Technological Overview

Turkish.AI provides multiple web services for various tasks. Our fundamental API is the Core Task which conducts basic linguistic processing on the input task and returns a JSON. Content Moderation task service is built for the companies which conduct manual moderation of user generated content against vulgarity, hate speech, illegal and sensitive content. This page presents some details of the technologies under the hood of our products.

Core API

Our Core API is built for conducting basic linguistic analysis on Turkish texts, ranging from basic tokenization to sentimental analysis. The major analysis components are text normalization, advanced tokenization (which covers sentence splitting), morphological analysis and disambiguation, syntax analysis, named entity recognition and sentiment analysis. All of these modules are executed as default while a customer can customize the processing components and get faster response by avoiding unnecessary lingustic processing components.

As all other services, the Core API also works as a web service. You may want to check our documentation for more technical details.

Text Normalization

Almost all of the NLP tools are based on correctly spelled words. However, the majority of the user generated content is subject to misspellings, typos, informal abbrevations and intentionally made mistakes. In order to get the most benefit from the text, our text normalization module corrects most of those issues prior to further processing.

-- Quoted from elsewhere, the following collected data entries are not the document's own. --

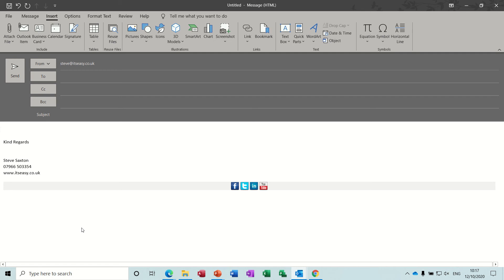Hi guys, welcome to this session on Microsoft Outlook. In this module I want to look at how to use the dictate feature in Outlook and also how to use the auto text feature in Outlook.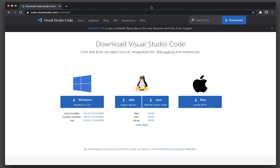Welcome back. In this video, we will be seeing how we can download and install Visual Studio Code, set up Python in Visual Studio Code, and run a Selenium Python script in Visual Studio Code. We'll see these steps one by one, so let's get started.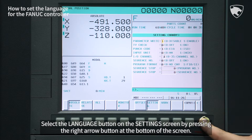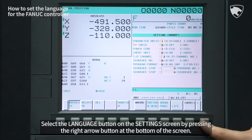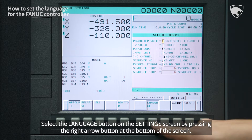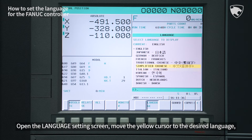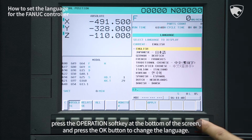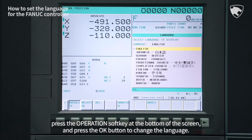Select the Language button on the Settings screen by pressing the right arrow button at the bottom of the screen. Open the Language Settings screen, move the yellow cursor to the desired language, press the Operation soft key at the bottom of the screen, and press the OK button to change the language.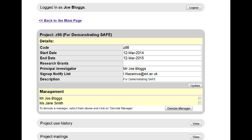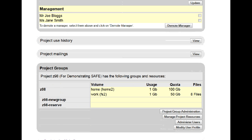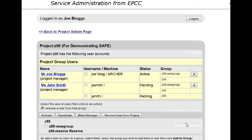Scroll down to the project groups and click on Administer Users. Beside the person that you wish to remove from the group, you will see a grey X. Click on the X to remove them from the group.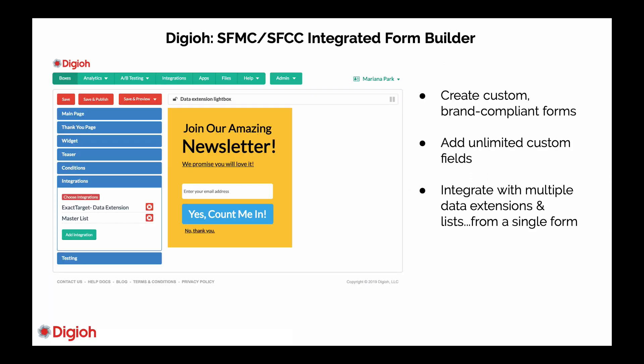First of all, a little bit about Digio. Digio is a form builder that's deeply integrated with Marketing Cloud and Commerce Cloud, and it allows you to create custom brand compliant forms. Basically, any type of form or widget you can envision, you can build it with Digio. You can also add unlimited custom fields, including text fields, drop-down fields, date fields, and even hidden fields. So you can collect as much data as you need, and you can also integrate with multiple data extensions and lists from a single form. It's a very flexible and customizable integration.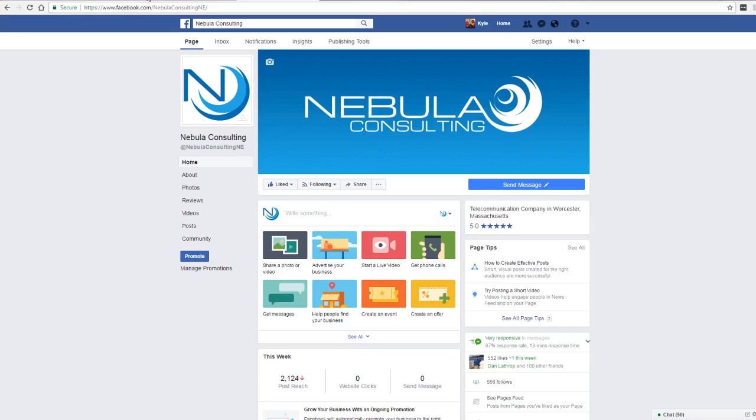Hey guys, this is Kyle with Nebula Consulting with a short video on open source productivity software. One of the easiest ways to save your business money is by switching from Microsoft Office to open source software.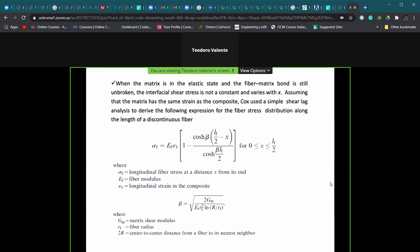When we cannot make the hypothesis that the shear stress at the interface is constant — which is most cases for our fiber-matrix combinations of interest — other models must be used. One of the most known is the Cox model, also called shear lag analysis or shear lag theory. Without going into the full demonstration, the shear lag analysis gives a mathematical formula for the fiber stress distribution along the fiber length in the discontinuous fiber case.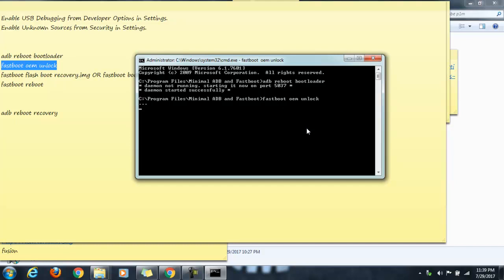When you run this command, there will be another prompt on your mobile screen to press yes by volume up button to unlock the bootloader, and to press no by volume down button to cancel the unlock process.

Below, you may find actual user generated content instances gathered from product reviews, Twitter, news comments and forum entries:

                        Actual:     o kadar kucukki ama buyuk olsaydi mukkemle olurdu
                            Normalized: O kadar küçük ki ama büyük olsaydı mükemmel olurdu.
Actual:     Bayıldımmmm harika 1.70 55 kilo s aldım Normalized: Bayıldım harika 1.70 55 kilo S aldım.
Actual:     Sifir yildiz vermek istiyorum ama mumkun degil oyuzden bir veriyorum Normalized: Sıfır yıldız vermek istiyorum ama mümkün değil, o yüzden bir veriyorum.
Actual:     gıttıgım yolda mazot parası kdr ücret ödeyeceksem neden kullanayım Normalized: Gittiğim yolda mazot parası kadar ücret ödeyeceksem neden kullanayım?
Actual:     ülkerin menfaat için mecburuzz bazıları memnun olmucak ama mecbur Normalized: Ülkenin menfaati için mecburuz bazıları memnun olmayacak ama mecbur.
Actual:     @jkookjr maci fransa alir gibi geldi izleyemiyom ama Normalized: @jkookjr maçı Fransa alır gibi geldi izleyemiyorum ama.

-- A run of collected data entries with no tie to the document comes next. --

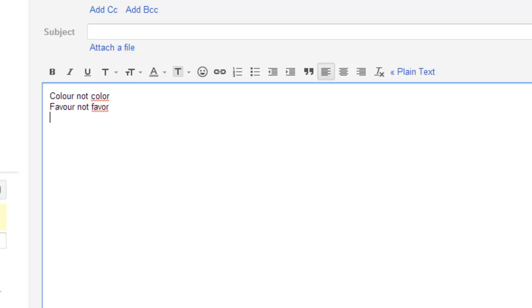You will see that the British English spelling is now shown as correct and the American English one is incorrect. One slight variation of this is organised. According to this dictionary can be spelt either way. Now you can write your emails in peace. Hope that helps.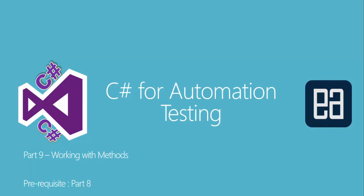Hi guys, my name is Karthik and I'm from executeautomation.com. Welcome to part 9 of our C# for automation testing video series. In this part we'll be talking about working with methods, and this video is actually a complete continuation of part 8.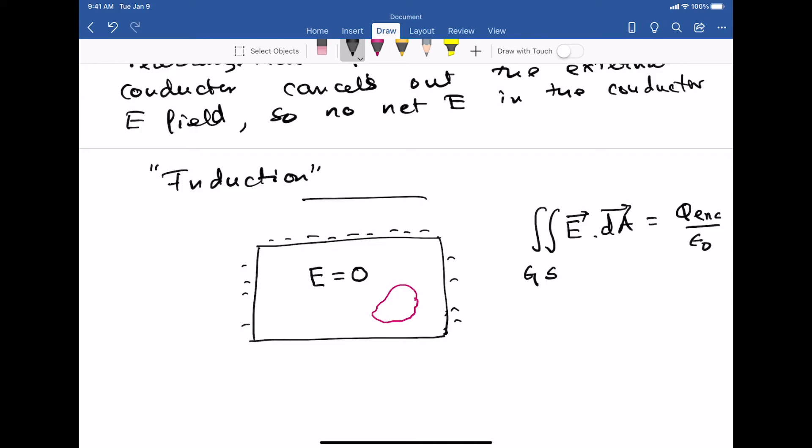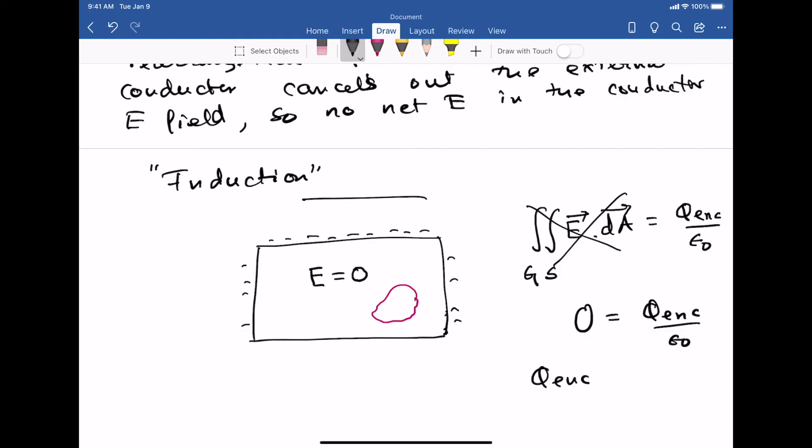What does this surface integral evaluate to for our Gaussian surface? When calculating the flux of the electric field over the surface, the electric field is zero because everywhere inside the conductor it is zero. So its surface integral is also zero. Therefore: zero equals Q-enclosed divided by epsilon-zero, which means Q-enclosed equals zero.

Most of the NLP components like morphological analysis, morphological disambiguation and parser will fail to correctly analyze the original user generated texts. Our text normalization module is usually the very first pre-processing step where most of those issues are solved and the normalized form of the words are generated as the output.

The execution of this component is optional since there is no need to recover errors if your text is not noisy, which means you have a more reliable data source that obeys linguistic rules and produce well-formed Turkish sentences. Contrarily, if your text is a user generated text such as product comments or complaint e-mails, the odds of having a noisy text is high and the application of text normalization component may help to improve overall accuracy.

Tokenization

One of the most critical components in text analytics is decomposing a sequence of words and punctuations into sentences and tokens. Although this task is assumed to be trivial frequently, real world problems are beyond this simplifying assumption.

For example, determining sentence boundaries can easily turn into a pain when non-terminating punctuations exist in the sentence. It can quickly become a nightmare if there exists multiple sub-sentences enclosed in quotation marks.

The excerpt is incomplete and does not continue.